Islamic Terrorists Ambush And Murder Twenty-Six Syrian Soldiers

By Theodore Shoebat

Islamic terrorists in Syria ambushed and murdered twenty-six Syrian soldiers, the deadliest attack since the beginning of 2021. The slaughter marks the cold realty that Islamist problem in Syria is still alive and very active. As we read in the Jerusalem Post:

The Syrian Observatory for Human Rights (SOHR) reported that Islamic State (IS) fighters ambushed a military convoy of Syrian army soldiers and militiamen loyal to the Assad regime, early Monday morning. At least 26 pro-regime troops were killed in the attack, making it the deadliest since the beginning of the year. Eleven IS fighters were also killed. Despite the high death toll, Western media has largely ignored the incident.
“On 8 February, Islamic State militants conducted an ambush attack on a military convoy killing at least seven Syrian army soldiers of the 17th Division and at least 19 militiamen from the Islamic Revolutionary Guard Corps’ Quds Brigades,” Oliver Harper, an analyst at Jane’s Terrorism and Insurgency Centre (JTIC) confirmed. The attack occurred in the Al-Mayadeen desert in Syria’s eastern Deir ez-Zur governorate.

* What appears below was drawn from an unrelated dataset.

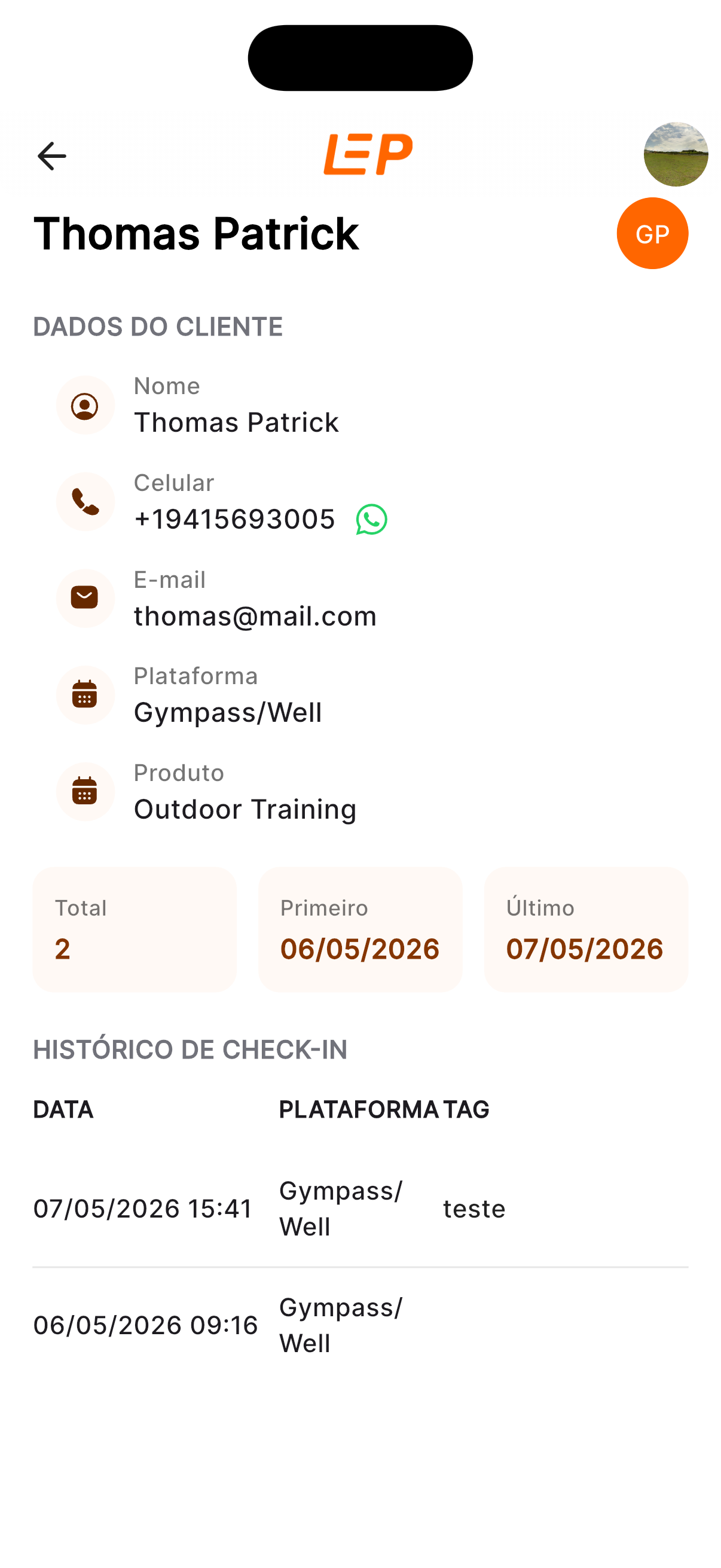 Detalhe do cliente Thomas Patrick com seção Dados do cliente (Nome, Celular, E-mail, Plataforma Gympass/Well, Produto Outdoor Training), totais de visitas e histórico de check-in com data, plataforma e tag.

The convoy was searching the area for unidentified combatants when it was attacked, SOHR and Harper reported.
It has been almost two years since former President Donald Trump claimed that “100%” of Syrian territory held by IS had been recaptured, yet in some areas of the Arab country, IS continues to be a concrete reality. “It is far from being finished business,” Yoram Schweitzer, a senior research fellow at the Institute for National Security Studies (INSS) and head of the Program on Terrorism and Low Intensity Conflict, told The Media Line. “If you follow the actions of what they call IS and the Salafi-jihadi [organizations] in the last year, you can see that they’re active,” he said, speaking about not only Syria but the entire region. “[IS] has disappeared into the heart of the desert, to lawless areas from which it continues to act, in Syria, in Iraq as well as in the Sinai Peninsula,” he said.
The senior researcher called the present situation “a clear and glaring ticking time bomb”. He explained that there is a large number of Salafi jihadists in Syria, not all affiliated with IS. “This case of trained Salafi-jihadi militants and children that grew up in such an environment, without education, without alternatives, that will go out to the world as men, after being indoctrinated. … This is an issue that will explode.”